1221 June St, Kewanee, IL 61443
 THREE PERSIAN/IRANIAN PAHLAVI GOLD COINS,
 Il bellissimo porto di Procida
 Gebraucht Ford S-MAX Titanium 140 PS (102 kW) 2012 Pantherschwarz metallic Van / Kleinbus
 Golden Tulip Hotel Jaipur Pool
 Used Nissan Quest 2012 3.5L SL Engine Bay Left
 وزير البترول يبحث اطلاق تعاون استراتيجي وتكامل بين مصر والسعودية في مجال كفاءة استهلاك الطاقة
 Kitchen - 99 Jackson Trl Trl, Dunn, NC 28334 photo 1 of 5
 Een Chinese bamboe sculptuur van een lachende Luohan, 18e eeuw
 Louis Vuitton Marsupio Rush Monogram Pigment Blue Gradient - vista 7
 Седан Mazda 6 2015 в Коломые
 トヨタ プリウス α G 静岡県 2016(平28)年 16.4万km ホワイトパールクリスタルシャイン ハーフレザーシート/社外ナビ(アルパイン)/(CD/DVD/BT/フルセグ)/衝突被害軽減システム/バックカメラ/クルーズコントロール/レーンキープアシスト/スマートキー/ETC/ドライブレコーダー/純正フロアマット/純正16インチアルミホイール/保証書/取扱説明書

ACTIVITY: Your task is to return, exactly and on their own, the lines from the one containing "THREE PERSIAN/IRANIAN PAHLAVI" through the last line of the listing.

EXERCISE ANSWER:
 THREE PERSIAN/IRANIAN PAHLAVI GOLD COINS,
 Il bellissimo porto di Procida
 Gebraucht Ford S-MAX Titanium 140 PS (102 kW) 2012 Pantherschwarz metallic Van / Kleinbus
 Golden Tulip Hotel Jaipur Pool
 Used Nissan Quest 2012 3.5L SL Engine Bay Left
 وزير البترول يبحث اطلاق تعاون استراتيجي وتكامل بين مصر والسعودية في مجال كفاءة استهلاك الطاقة
 Kitchen - 99 Jackson Trl Trl, Dunn, NC 28334 photo 1 of 5
 Een Chinese bamboe sculptuur van een lachende Luohan, 18e eeuw
 Louis Vuitton Marsupio Rush Monogram Pigment Blue Gradient - vista 7
 Седан Mazda 6 2015 в Коломые
 トヨタ プリウス α G 静岡県 2016(平28)年 16.4万km ホワイトパールクリスタルシャイン ハーフレザーシート/社外ナビ(アルパイン)/(CD/DVD/BT/フルセグ)/衝突被害軽減システム/バックカメラ/クルーズコントロール/レーンキープアシスト/スマートキー/ETC/ドライブレコーダー/純正フロアマット/純正16インチアルミホイール/保証書/取扱説明書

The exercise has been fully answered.